Ambassador Wendy Sherman on North Korea Policy



By chance I received a subscription mailing from Ambassador Wendy Sherman through the Belfer Center, in which she describes a project she has conducted on the issue of forgiveness in international politics. But if forgiveness was the theme of her Harvard policy brief, her must-read speech from May 3 at the JoongAng Ilbo-CSIS Forum was anything but forgiving. If Sherman’s carefully crafted remarks are any indication of the direction of North Korea policy under a Clinton administration, our approach would take a decidedly more hawkish turn.  Nor is she alone; NKNews' Chad O'Carroll gets a similar downbeat read-out from long-time Asian hand Evans Revere. 

Sherman begins with a comparison to Iran along very similar lines to the those Marc Noland and I take in our forthcoming book Hard Target: Sanctions, Engagement and the Case of North Korea (Sherman headed the team that negotiated the Joint Comprehensive Plan of Action). Her basic point is that dictatorial regimes are not created equal. While Iran is clearly a religious autocracy, it is more open, ultimately less repressive, and with political processes—including the potential for a color revolution from below--that constrain the leadership. These factors moderate its propensity to pursue nuclear weapons. North Korea is not similarly constrained, and its commitment to nuclear weapons is more unwavering.

These differences dictate an alteranative approach. The pivotal paragraph of Sherman’s speech bears quoting in full:

“Given the greater commitment by North Korea’s leaders to the nuclear weapons program, the path forward will be different than Iran’s. Sanctions focus the mind and the choices in front of a country. But for sanctions to truly work in the case of North Korea, the impact needs to be severe, requiring comprehensive implementation over likely a longer period of time. This requires all of the five parties - South Korea, Japan, Russia China, the United States - but particularly China, to step up.”

Sherman underlines that military solutions are not feasible, but she clearly believes that sanctions can be ratcheted up if the United States is capable of effectively forging a coalition among South Korea, Japan, China and Russia. Sherman is hopeful that UNSC 2270 signals a change of heart in Beijing, but for good measure she reminds the Chinese leadership that THAAD and perhaps even South Korean and Japanese nuclearization are possible outcomes of inattention to the issue (a threat that I find almost entirely incredible, given US lack of interest in seeing such a development).
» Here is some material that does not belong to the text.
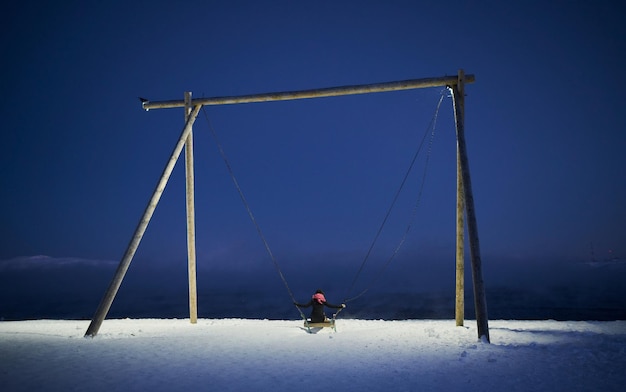 Columpio de juegos con nieve espesa en el suelo y vistas a la montaña y al cielo nublado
In case the signal is missed, Sherman returns to theme arguing that a an aspect of our coalition building efforts will be “a serious discussion of the kinds of necessary defensive measures that the US, ROK and Japan must and will undertake individually and collectively to respond to the rising threats from North Korea if a negotiated denuclearization appears to be out of reach.”

However, her central argument is that since China needs to be assured about the stability of the Korean peninsula, it is important that we begin a discussion about how we would deal with contingencies in the case of a North Korean collapse.  Sherman then reels off a series of quite important issues that would structure the agenda of such a conversation. All are substantively important, but they are decidedly not the sorts of questions that are likely to address Chinese concerns about “stability” on the peninsula.

And curiously absent in the whole discussion is North Korea. “Ratcheting up sanctions internationally, continuing military exercises, missile defense, focusing on human rights and developing a common understanding of what happens if there is a collapse”—Sherman’s list, not mine—are hardly the only signals we want to send if our objective is to drag North Korea back to negotiations. The speech refers to the Six Party Talks only in the past tense, makes no mention of the joint statement of September 2005 nor to any possible benefits that might accrue—even if prospective—from a negotiated settlement. This is not a subtle shift in policy; it is a pretty sharp turn away from strategic patience.

I don't see how this approach is likely to get the endorsement of the Chinese unless they are more fed up than they appear to be; we are all still waiting to see if Beijing’s commitment to UNSC 2270 is in fact real. But even if it is, there needs to be an exit ramp, as the Chinese have repeated to US officials ad nauseum. Maybe Sherman sees such details as part of the next phase of the game. But this is not the iron fist in one hand and the olive branch in the other; it is all iron fist, but without the capability to actually deliver the decisive blow. How do we expect North Korea to respond to that combination of incentives?